“We are looking at significantly warmer daytime temperatures,” Palmer said. “Inland areas will easily be into the 90s, and we may see our first triple-digit heat for some of our inland locations. For coastal areas, there is quite a bit more uncertainty.”
A ridge of high pressure will cause the warm-up. Exactly how hot it gets, especially along the coast, will depend on where that ridge sets up and on the Bay Area’s marine layer — the cool ocean air conditioning that often cranks up this time of year, bringing the cloudy, overcast skies of “June gloom.”

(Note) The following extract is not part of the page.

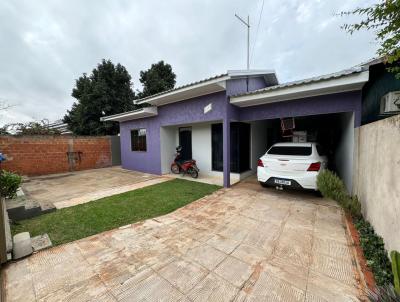 Casa para Venda, em Medianeira, bairro Belo Horizonte, 3 dormitrios, 2 banheiros, 1 vaga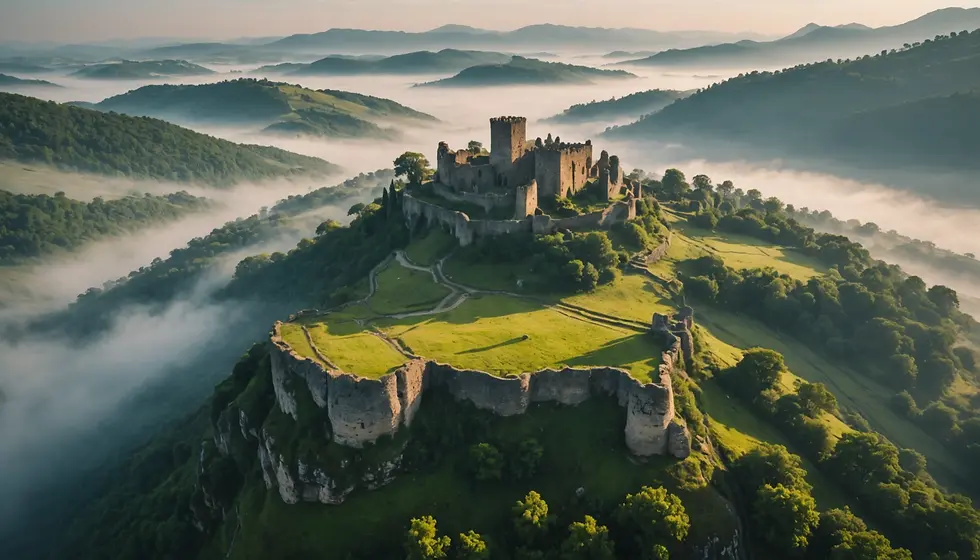 Uncovering the Enigma: Who Were the Nephilim and What Drove Noah to Build the Ark?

A hot Sierra and a melting snowpack
UCLA climate scientist Daniel Swain said during a Friday live-streamed office hours that the heat wave would be felt most acutely in the Sierra Nevada and its foothills in the northern part of the state.
“Reno, Tahoe, up by Shasta,” he said. “These are going to be places that get really hot next week, very early in the season [and] could approach record levels for this early in the calendar year. I don’t think it’s nearly as likely that places like the Bay Area or Los Angeles are going to see anything approaching record heat, although it might still end up being warmer than average.”
The weather service’s Sacramento office issued an excessive heat watch from 11 a.m. Tuesday to 8 p.m. Thursday for the Sacramento Valley, foothills, and Delta.
State officials said earlier this year that California’s blissfully normal water year and deep snowpack could curb wildfire risk and prevent drought conditions from developing later in the summer.
However, that snowpack has dwindled to 44% of normal for this time of year, according to the California Department of Water Resources, after several weeks of above-average temperatures.
“It’s very possible the upcoming heat wave will pretty much kill off what’s left,” Swain said, which he added could “kick fire season up a notch.”
The likelihood of a fast-moving forest fire touching off in the Sierra will still be low for now. But this heat wave could “create the preconditions that make it easier to have a more severe fire season later than if we had a mild start to the summer,” Swain said.